Dans la série des plantes épineuses et à pompons roses, parlons des chardons. Des vrais cette fois-ci, ceux du genre Carduus.

Carduus crispus, le chardon crépu – Eragny © CACP – Emilie Périé

Il en existe 4 espèces en Île-de-France : le chardon crépu et le chardon penché, dont la présence est assez commune et le chardon à petites fleurs et le chardon faux-acanthes qui sont rares (voire extrêmement rares).

En ce qui concerne les deux plus courants, les différencier entre eux est relativement simple. Le chardon crépu est d’aspect beaucoup plus épineux avec des ailes sur les tiges qui portent de fortes épines. La plante peut atteindre 1m20 et les fleurs sont assez petites.

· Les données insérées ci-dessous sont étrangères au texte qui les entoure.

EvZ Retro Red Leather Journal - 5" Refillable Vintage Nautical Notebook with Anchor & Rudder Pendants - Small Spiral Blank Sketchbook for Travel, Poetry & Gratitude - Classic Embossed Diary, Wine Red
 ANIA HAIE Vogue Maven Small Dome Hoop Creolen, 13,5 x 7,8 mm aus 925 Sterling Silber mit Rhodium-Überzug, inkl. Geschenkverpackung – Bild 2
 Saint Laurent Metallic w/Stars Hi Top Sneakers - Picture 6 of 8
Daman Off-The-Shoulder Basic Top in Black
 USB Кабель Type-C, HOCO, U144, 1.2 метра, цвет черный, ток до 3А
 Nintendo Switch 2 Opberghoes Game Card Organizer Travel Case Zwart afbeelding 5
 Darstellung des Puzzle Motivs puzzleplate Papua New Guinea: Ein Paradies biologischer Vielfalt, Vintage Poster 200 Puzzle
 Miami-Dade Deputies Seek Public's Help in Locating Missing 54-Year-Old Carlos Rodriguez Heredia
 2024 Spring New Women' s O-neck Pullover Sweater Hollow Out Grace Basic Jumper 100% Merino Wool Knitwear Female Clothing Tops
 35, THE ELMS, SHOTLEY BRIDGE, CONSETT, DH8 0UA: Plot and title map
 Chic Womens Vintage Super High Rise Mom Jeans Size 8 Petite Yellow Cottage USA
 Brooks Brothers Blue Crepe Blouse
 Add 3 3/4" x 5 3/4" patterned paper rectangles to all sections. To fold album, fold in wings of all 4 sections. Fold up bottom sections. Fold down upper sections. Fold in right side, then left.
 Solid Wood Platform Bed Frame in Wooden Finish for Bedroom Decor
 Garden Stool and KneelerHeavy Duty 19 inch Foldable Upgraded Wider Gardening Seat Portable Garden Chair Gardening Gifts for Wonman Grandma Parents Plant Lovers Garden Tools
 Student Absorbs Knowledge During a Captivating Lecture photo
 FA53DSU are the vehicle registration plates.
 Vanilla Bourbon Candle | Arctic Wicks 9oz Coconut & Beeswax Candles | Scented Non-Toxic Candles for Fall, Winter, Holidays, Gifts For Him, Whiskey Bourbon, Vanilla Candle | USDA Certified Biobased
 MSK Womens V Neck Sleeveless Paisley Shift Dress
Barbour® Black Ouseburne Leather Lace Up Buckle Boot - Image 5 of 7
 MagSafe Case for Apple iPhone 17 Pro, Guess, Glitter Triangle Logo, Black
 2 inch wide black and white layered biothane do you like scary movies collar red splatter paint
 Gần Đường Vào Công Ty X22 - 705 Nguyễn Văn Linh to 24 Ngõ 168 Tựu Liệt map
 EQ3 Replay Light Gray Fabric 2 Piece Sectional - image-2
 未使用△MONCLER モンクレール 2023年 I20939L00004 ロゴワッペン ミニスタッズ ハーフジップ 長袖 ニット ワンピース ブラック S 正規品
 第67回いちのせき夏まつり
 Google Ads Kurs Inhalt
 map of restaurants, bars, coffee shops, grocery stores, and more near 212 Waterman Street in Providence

Carduus crispus, le chardon crépu – Eragny © CACP – Emilie Périé

Le chardon penché est quant à lui … penché. La plante dépasse rarement 1 mètre de haut, les « pompons » sont plus gros et orientés vers le sol.

Carduus nutans, le chardon penché – Neuville © CACP – Gilles Carcassès

En revanche, il peut parfois être délicat de différencier un chardon « vrai », du genre Carduus, d’autres astéracées épineuses, comme les cirses (genre Cirsium). Le cirse commun, Cirsium vulgare, peut avoir un aspect assez épineux qui le fait ressembler au chardon crépu. Dans ce cas, le critère de différenciation est au niveau du fruit. Le chardon Carduus a des soies simples alors que le cirse Cirsium a des soies plumeuses.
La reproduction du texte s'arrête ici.